An under-the-radar need for Cleveland is to improve its bench. In recent seasons, the since-shed albatross contracts of Swisher and Bourn not only hampered payroll but took a pair of valuable roster spots that left bench options thin. Mike Aviles and Ryan Raburn seem unlikely to return, so adding some younger, versatile bench pieces would be of benefit. Jose Ramirez and his glove could have the inside track to one bench spot, and Almonte could become a fourth outfielder if a center fielder is acquired. Roberto Perez is one of the game’s better backup catchers, so that position isn’t an area of need.
For all the speculation about the ways in which Cleveland could look to improve, the fact remains that major improvement isn’t needed.
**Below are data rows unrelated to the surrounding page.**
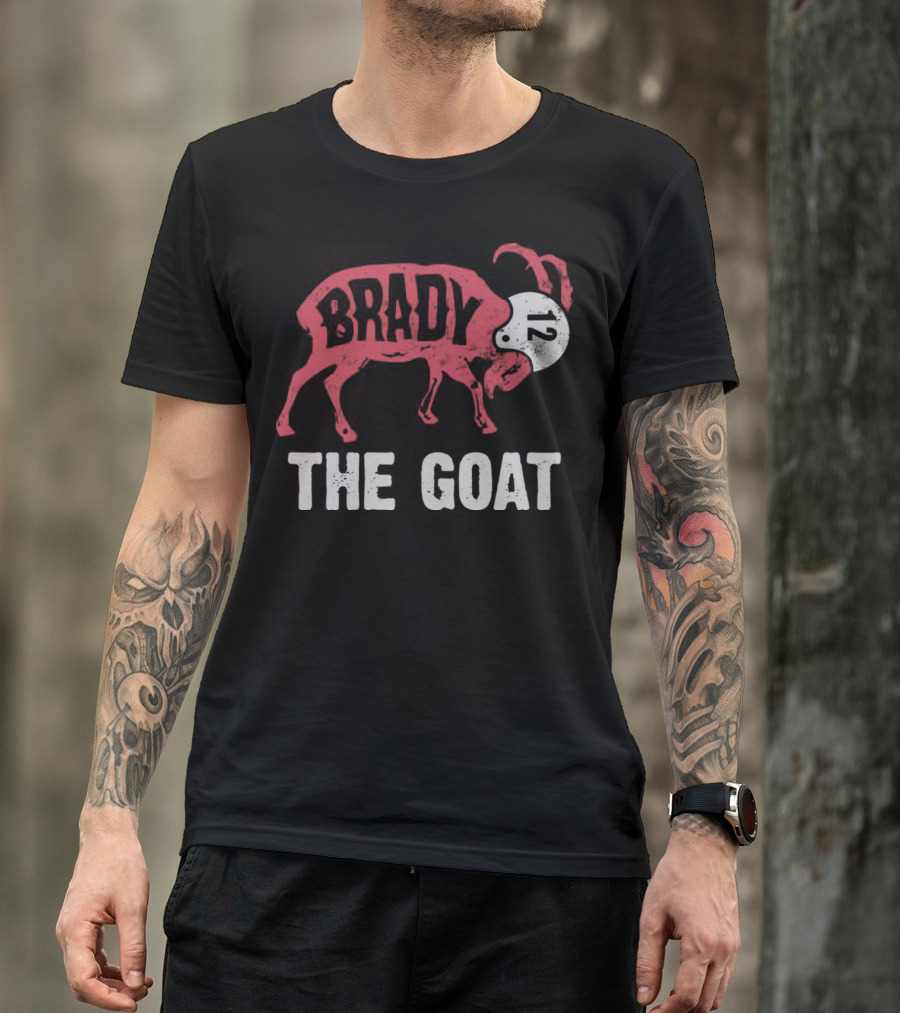 Brady 12 The Goat Graphic With Number Helmet T-Shirt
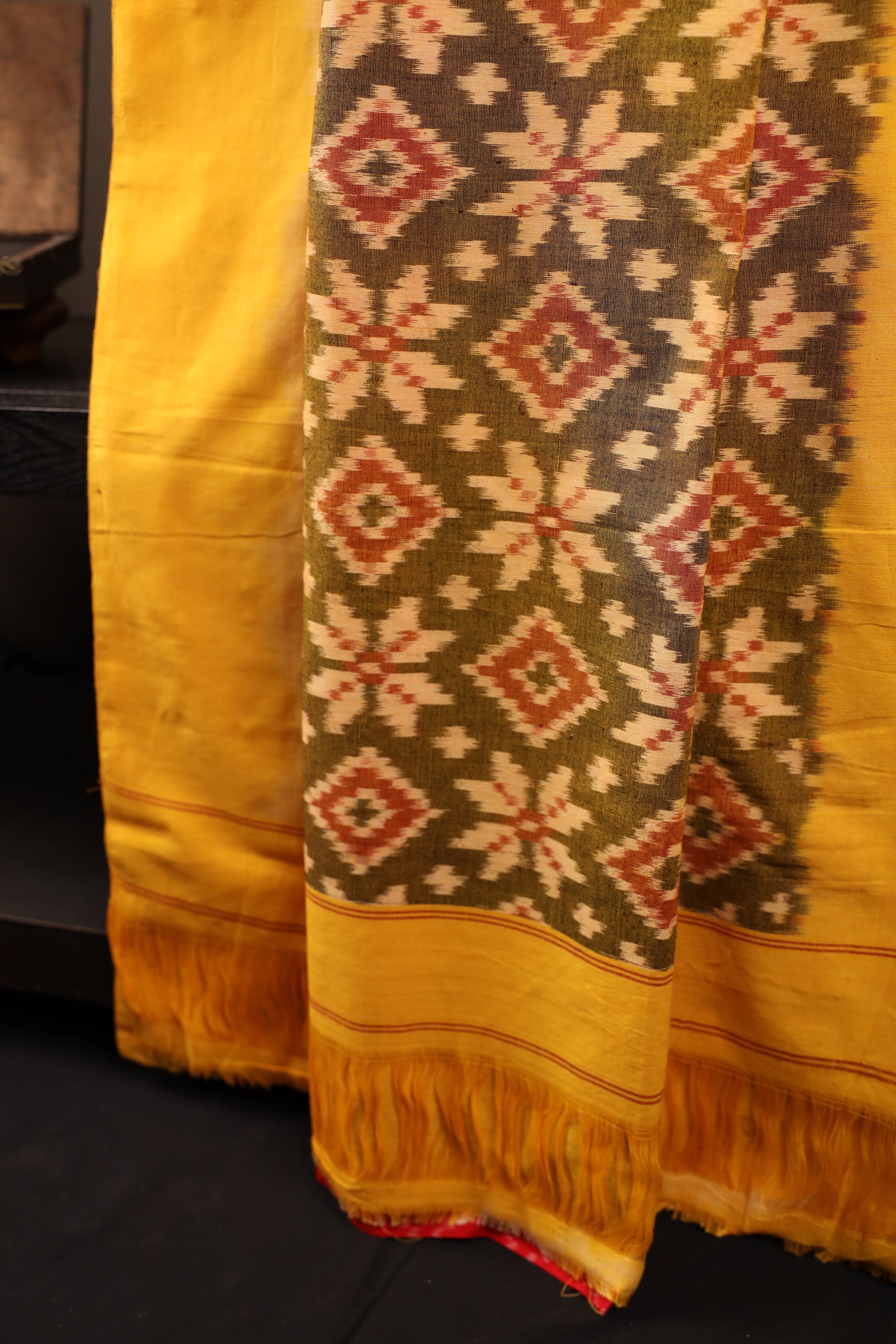 Red & Mehendi Green Floral Handwoven Single Ikkat Cotton
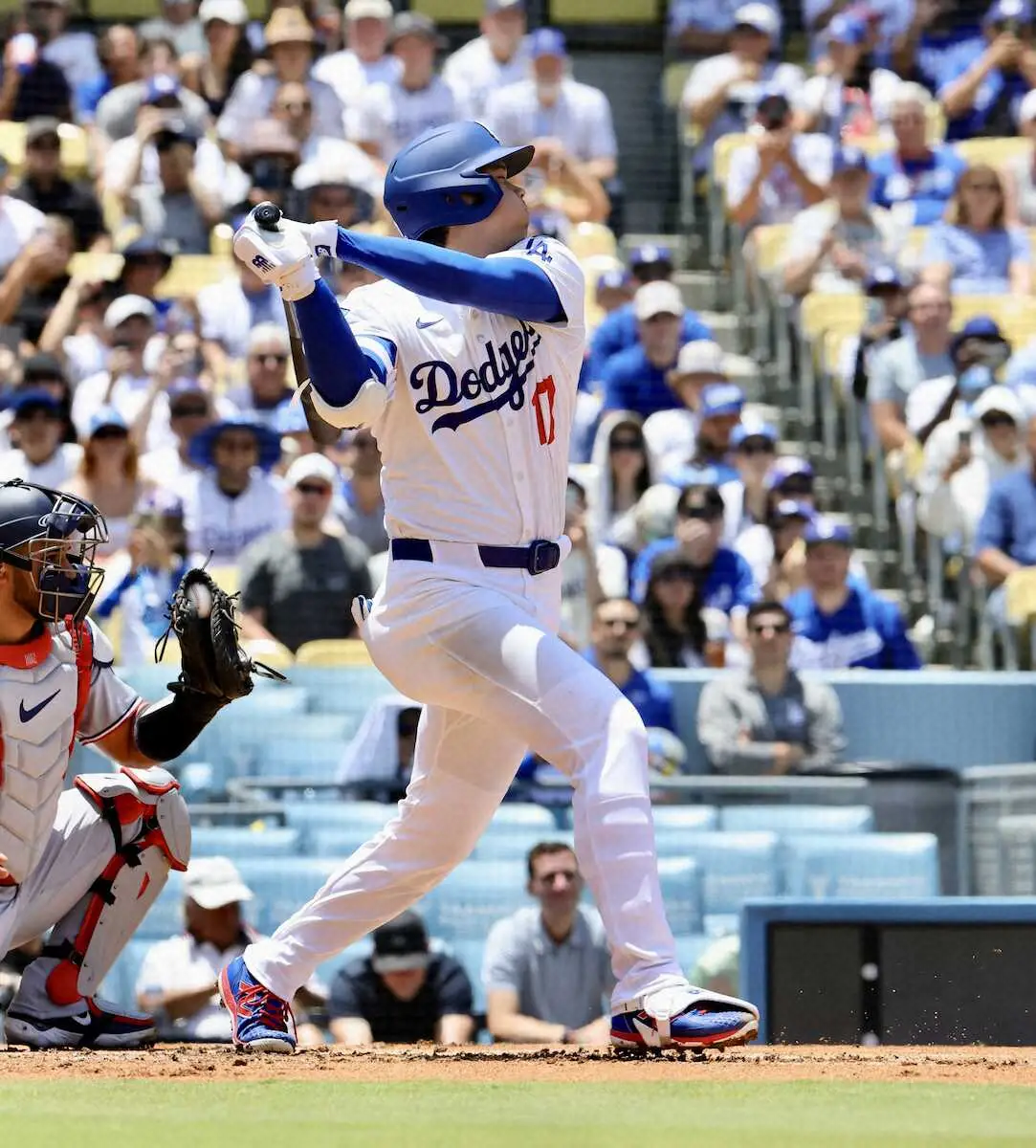 【画像・写真】大谷翔平　リアル二刀流の第1、2打席は連続三振　前カードで2死球受け、満身創痍の状態でプレー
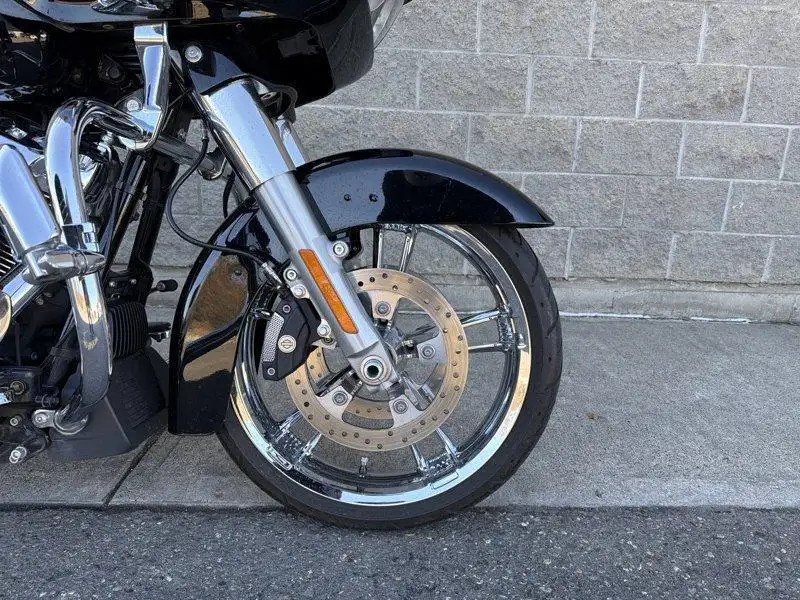 2017 Harley-Davidson Unspecified, černá, dovoz Kanada — foto 5 z 12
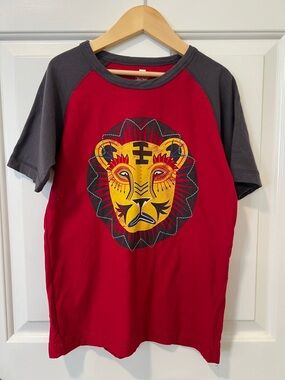 Tea Collection Red Raglan Tee with Gray Sleeves and Lion Graphic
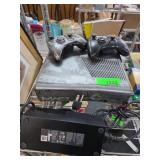 Xbox 360 MW3 Edition Console with Accessories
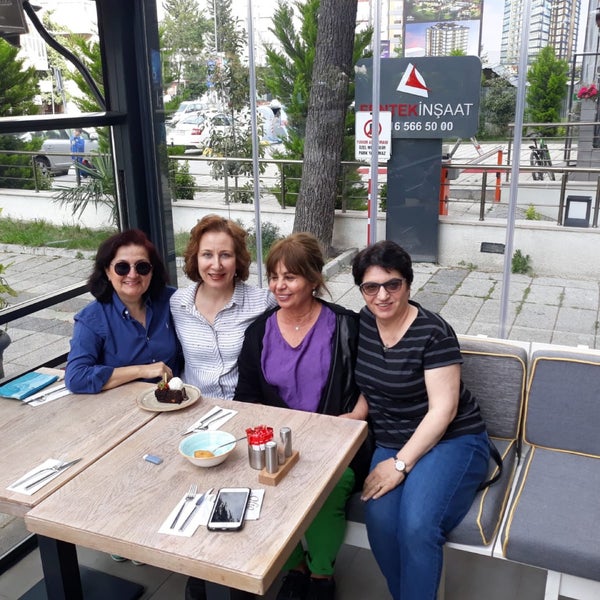 Foto diambil di Olio Brasserie oleh Ayşe B. pada 5/14/2019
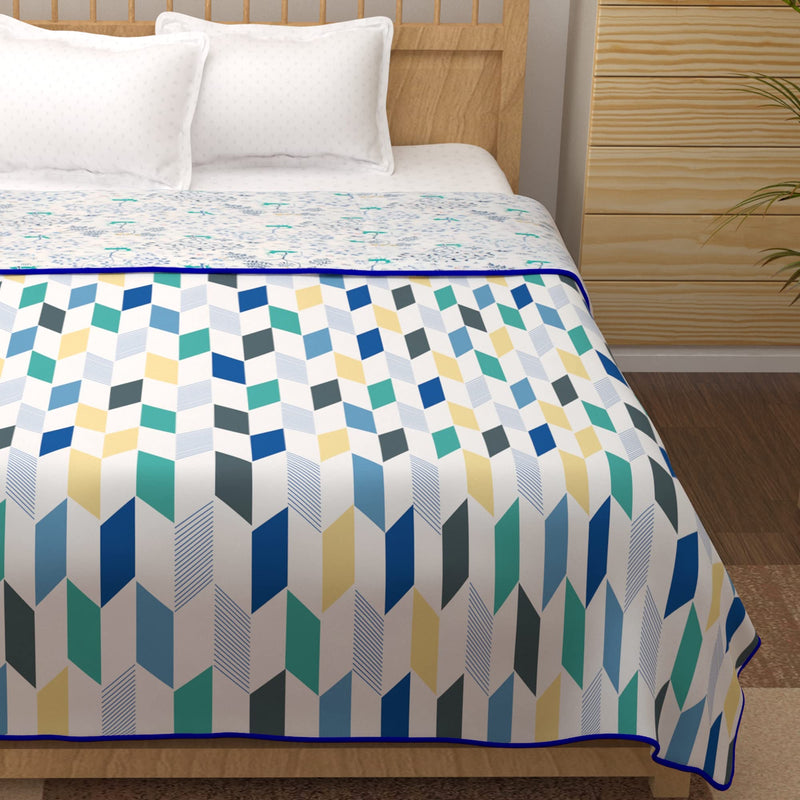 Story@Home Cotton 150 GSM, AC Dohar Double Bed | Abstract Print Super Soft Lightweight AC Blanket Double Bed/Quilt/Duvet (White & Blue, 225 X 240 cm) Perfect for Festive Gifting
A full season of Lindor will be a boon to the team’s playoff hopes, and a rotation fronted by Kluber, Carraso and Salazar should be formidable, as should the returning right-handed arms in the bullpen. Cleveland has a few notable holes, but they have the trade chips necessary to fill in the gaps. And, unlike the past two offseasons, they have some financial firepower to supplement the roster if that’s a more preferable course of action as well.